Of course, the R-Class does have its merits. If you have seven people to transport, you certainly couldn’t rely on, say, an E-Class estate wagon. For sure, this “crossover” offers plenty of interior space, particularly the long-wheelbase models tested. The regular-wheelbase versions offer 1950 litres of cargo space, while the long-wheelbase models kick in an additional 435 litres. All variants feature a separate storage space under the cargo compartment floor, a very handy design.
The cabin also has an airy feel to it; riding in the middle row of seats, you gain the sense that the R-Class would be a great choice for shuttling business executives to and from the airport.
As one would expect, the Mercedes comes loaded with advanced safety features, making it a serious contender for extended family duties. The middle row can be fitted with no fewer than three child seats, so if you’ve got triplets, the R-Class is just the ticket. The Benz is also fitted with eight airbags—including window airbags for all three rows—active head restraints, a tire-pressure monitoring system and adaptive brake lights.
On the active safety front, the R-Class offers a blind spot monitoring system, electronic stability control, brake assist and the PRE-SAFE collision mitigation system. The 4MATIC versions, of course, come equipped with permanent all-wheel drive, as well as the 4ETS traction control system.

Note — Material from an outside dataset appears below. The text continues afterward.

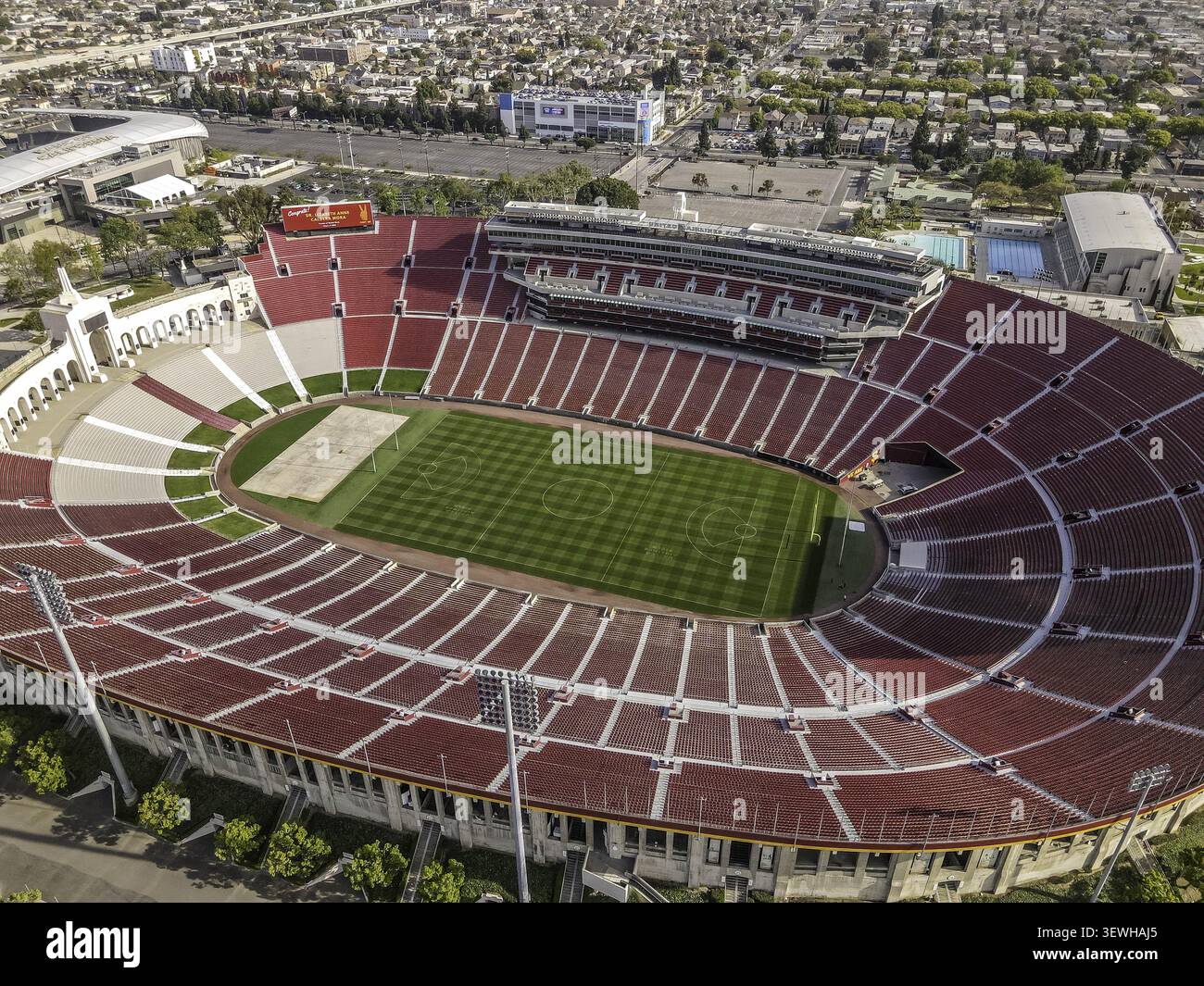 Los Angeles, Stati Uniti - 10 aprile 2021: Vista aerea del LA Memorial Coliseum, uno stadio storico con posti a sedere rossi, un campo di erba verde e un surroun Foto Stock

In terms of interior amenities, the R-Class comes standard with a 20-CD audio system with 8 speakers, auxiliary input connectors for iPods, a 5-inch colour display on the centre stack and Bluetooth connectivity. There are also a number of interior colour and trim options, wood and leather being the driving forces here, and a new 3D instrument panel gauge cluster.
All things considered, there aren’t very many exciting minivans on the market, so perhaps this review has been a bit heavy-handed. I suppose the thing to take into consideration is whether the 2011 Mercedes-Benz R-Class offers comparable value to minivans from the likes of Toyota and Honda. I don’t question whether some people need a minivan—kids do need to attend football practise, after all—I just question whether this particular minivan is the smartest of choices.